Would you reproduce exactly, and only, the lines starting at the one with "Used 2018 Cadillac" and ending at the last line of the data, with both included? Leave the pictures out.

(Task inputs Opens)

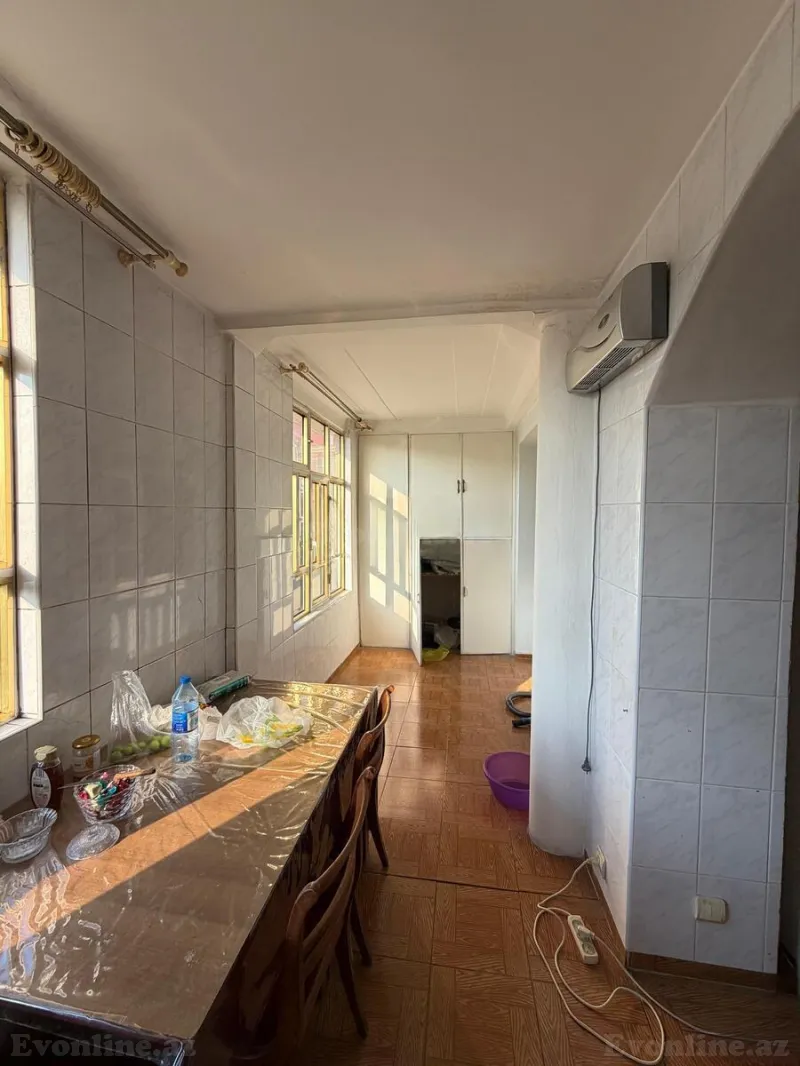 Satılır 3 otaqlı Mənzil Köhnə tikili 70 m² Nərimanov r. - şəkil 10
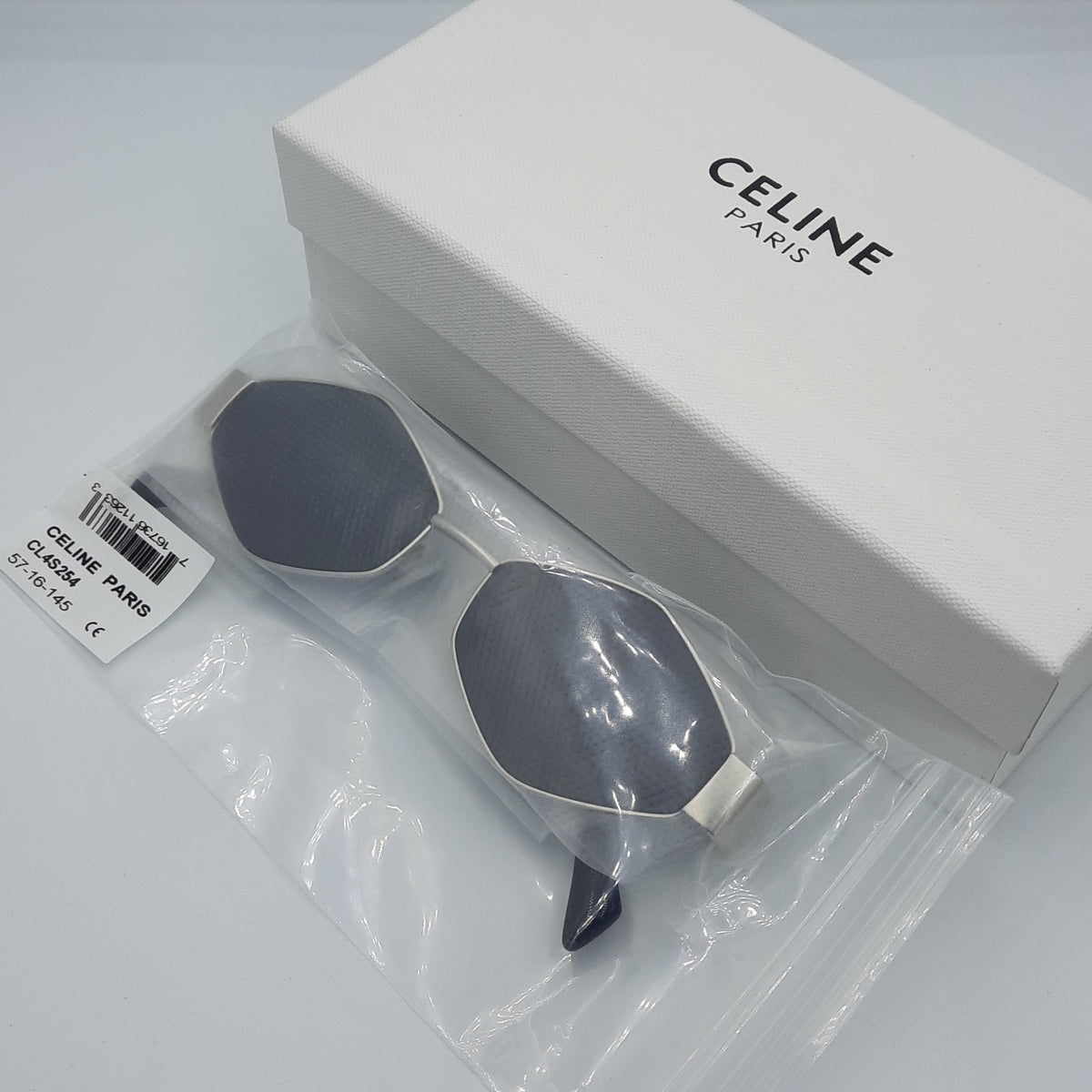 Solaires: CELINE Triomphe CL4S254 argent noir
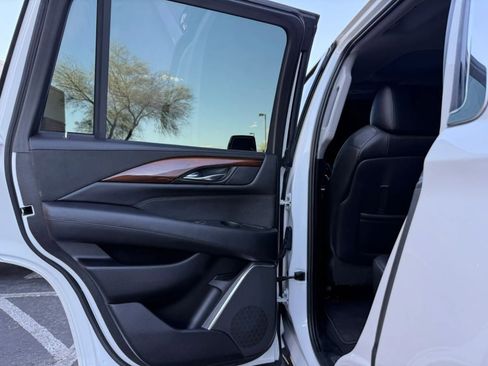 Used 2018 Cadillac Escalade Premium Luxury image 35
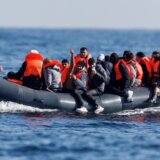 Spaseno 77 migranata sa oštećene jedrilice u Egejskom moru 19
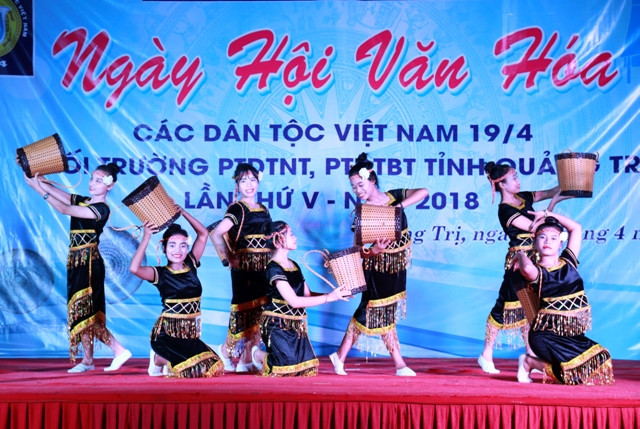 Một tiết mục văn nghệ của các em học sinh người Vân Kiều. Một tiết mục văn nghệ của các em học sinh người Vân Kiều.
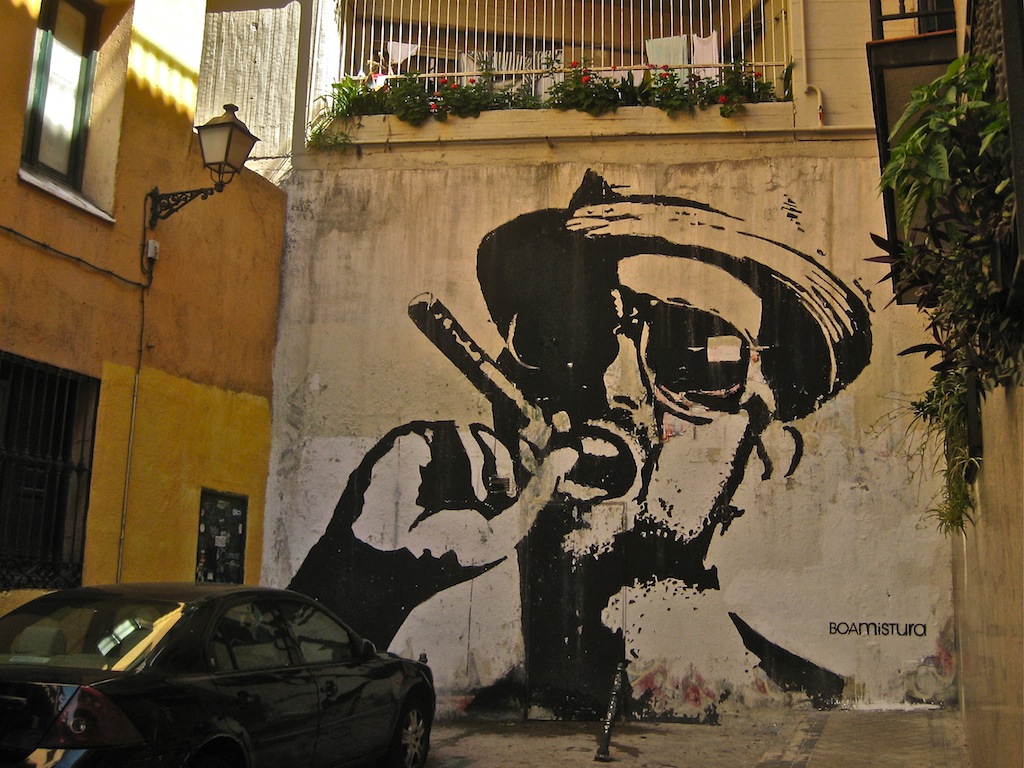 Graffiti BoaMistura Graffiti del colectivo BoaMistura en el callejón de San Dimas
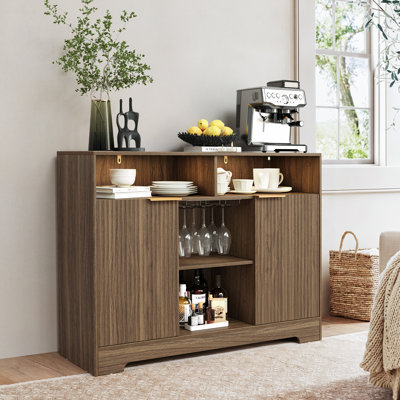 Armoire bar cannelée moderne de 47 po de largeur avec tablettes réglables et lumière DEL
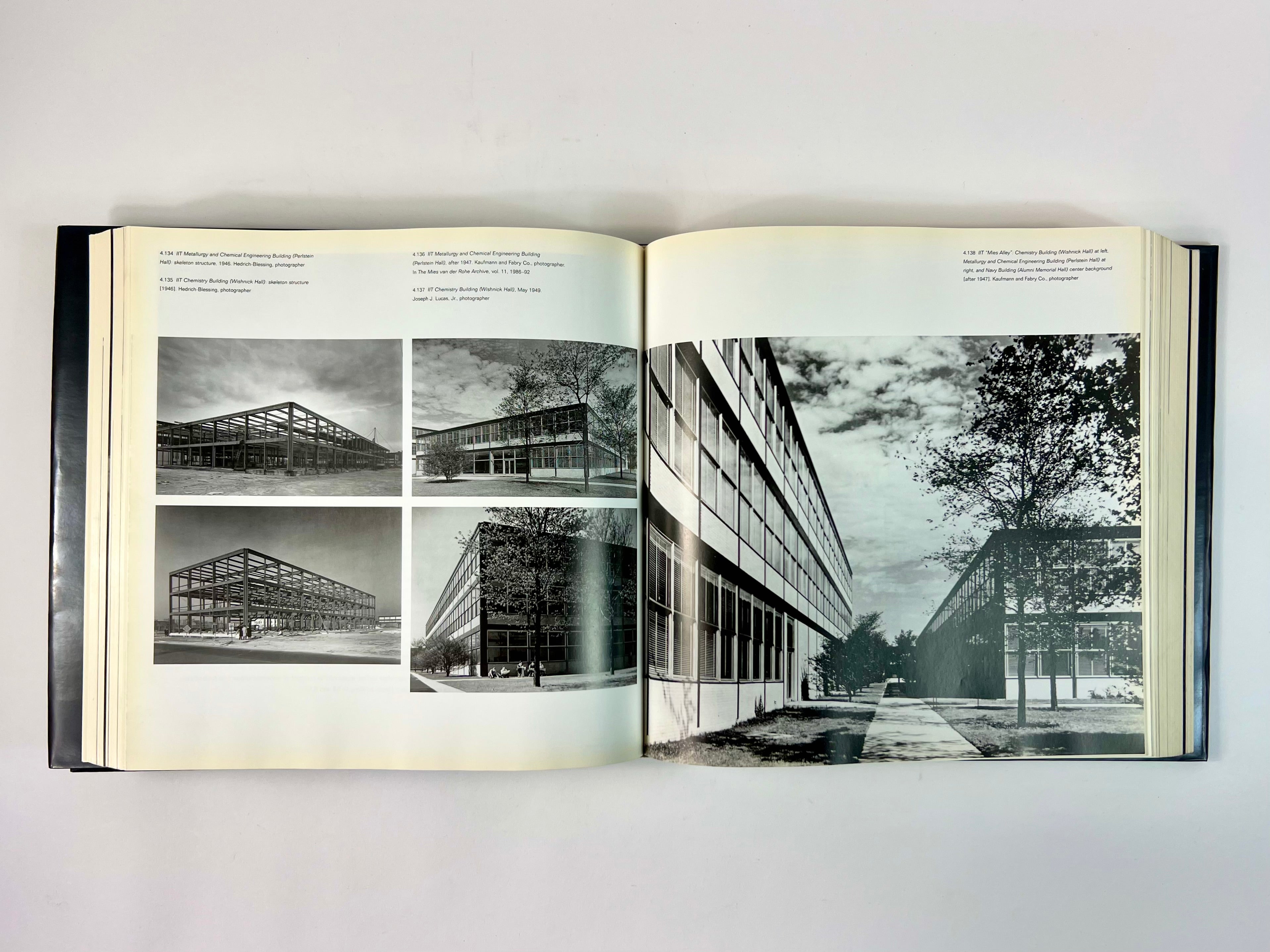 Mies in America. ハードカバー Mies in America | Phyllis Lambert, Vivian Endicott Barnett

(Task inputs Closes)

**Your solution**
 Used 2018 Cadillac Escalade Premium Luxury image 35
 Spaseno 77 migranata sa oštećene jedrilice u Egejskom moru 19
 Một tiết mục văn nghệ của các em học sinh người Vân Kiều. Một tiết mục văn nghệ của các em học sinh người Vân Kiều.
 Graffiti BoaMistura Graffiti del colectivo BoaMistura en el callejón de San Dimas
 Armoire bar cannelée moderne de 47 po de largeur avec tablettes réglables et lumière DEL
 Mies in America. ハードカバー Mies in America | Phyllis Lambert, Vivian Endicott Barnett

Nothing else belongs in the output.